Although it does affect combat too. When you have those one man armies you use swarms to simulate squadrons of enemies anyway like the 4e Angry mob or Orc Throng or Demon Horde I really do not want to use the same mechanics. Further that high level 5e fighter doesn't race across a battlefield like a Cu Chulainn lawnmower in 5e. In 1e he might be doing 20 attacks (i know it rarely came up but it was a try).

Of note if you do the 5e Beowulf is baseline trick then those reliant on them start larger than life and do not advance much --> I think you can get that same thing in any D&D just by playing only one Tier.

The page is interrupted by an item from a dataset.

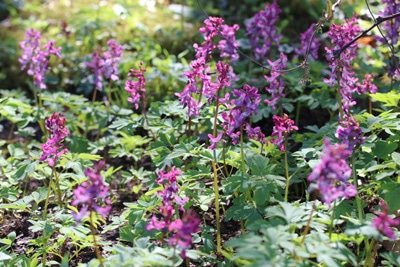 Corydalis Hohler Lerchensporn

But the point of balancing the magical awesome with the non still remains an issue one 4e tried to address. Maybe you tip it the opposite direction by doing some other figure as you say perhaps Beowulf and now nobody needs that breath water spell. Skill challenges were geared to make skill application as important on scale as using the right ritual. Skill powers allowed bursts of skillful effort to achieve similar extreme results choosable by the player.
 

In part that is the point. Why should I be asking you this in session zero and the reason is human understanding is incredibly variable. You cant even given me ballpark on broad categories of things
It’s been a long time since I DMed 4e, so can you explain how 4e and 5e are different in this respect?

P. 42 of 4e was an absolute godsend for me to understand setting DCs. It is at that point that I simply started writing Easy, Moderate, Hard (or Low, Moderate, High) across the top of my DM notes to address unexpected actions taken by my players.